Tuesday, June 8, 2010
Credit to Penny Arcade. Had me laughing my ass off.
I've found a game that's reconnected me with my childhood obsession of Lego and building things. It's an indie title called Minecraft, created by Markus Persson, recommended to me by a fellow developer. The most popular game mode is a single player sandbox mode. When I say sandbox, I mean quasi-literally a giant box of an open world where you build things and play. In a nutshell, your avatar is alone in a large world completely formed by a 3D grid of blocks. The only interaction (in this mode anyway) is destroying and placing these blocks. There are about 40 to choose from ranging from natural materials like wood and stone to more elaborate things like obsidian, glass and even bookshelves, as well as small decorations like torches and flowers.
The clean, polished, retro art style does a lot to complement the simple, move, jump and build mechanics. That being said, the real charm of play comes from the emergent gameplay experiences one can have while creating all sorts of cool structures. When the world is so aesthetically simple and limited to large details, you're allowed to follow suit and create blocky objects and structures. You feel like a kid with an unlimited supply of building blocks! However, in my opinion, the one critical mechanic is that you have to be fairly close to a surface to build on it.
For instance, if you want to build a tower, you need to create scaffolding so you can reach the higher parts of your structure as you go. If you want to build roofs quickly, you have to build rafters so you can more easily reach the various surfaces. In addition to this, the underground world is massive, allowing a player to build large networks of caves and tunnels. As well, water and lava conform to rudimentary physics. If you're not careful, you can flood your entire network of carefully built caves, or, if you are careful, irrigate your virtual farmlands.

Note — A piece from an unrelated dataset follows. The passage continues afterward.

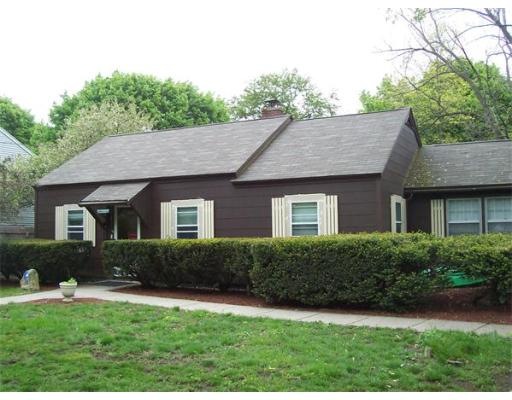 32 Van Roosen Rd unit 1, Newton Center, MA 02459 - photo 1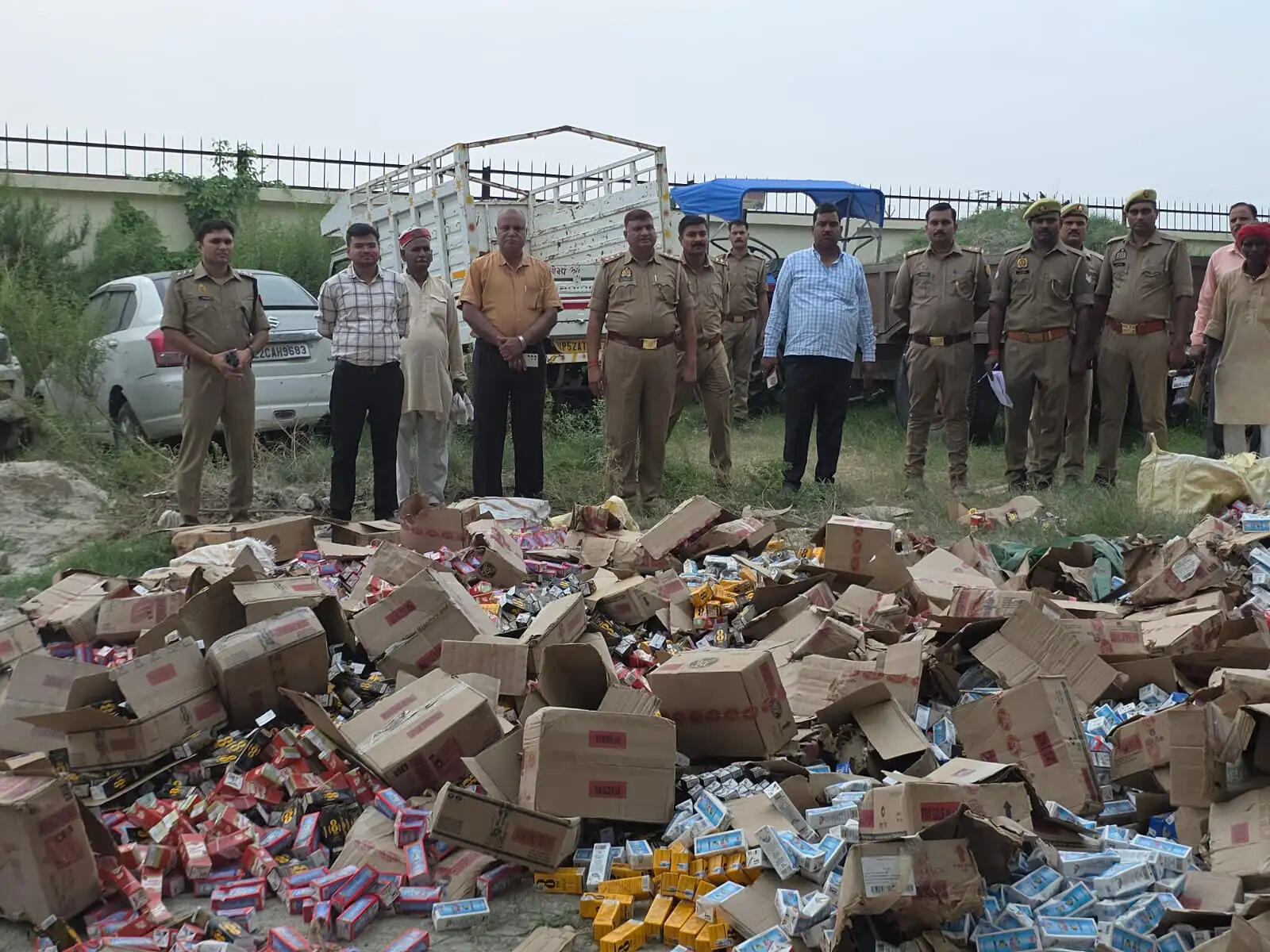 देवरिया : श्रीरामपुर थाने में 49 आबकारी मामलों की करीब 4,783 लीटर शराब नष्ट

While it is free to play, the sneaky catch is that to save your game, you have to pay for a premium account (a very modest 10 Euros). Rest assured I had my credit card out and building by childhood dream castle block by block the same day I discovered it. A game like this may not sound like much and you may think me crazy for dropping the money, but consider the following facts:
-This game has been in development for only a little over a year
-It was developed by a single person (plus audio guy Daniel Rosenfeld)
-It has over 220,000 users with an 8.37% conversion rate averaging over 60 sales a day
-I really doubt Markus had the marketing budget to push the game through any high-traffic web channels
Those are rare stats for an indie developer, he must be doing something right!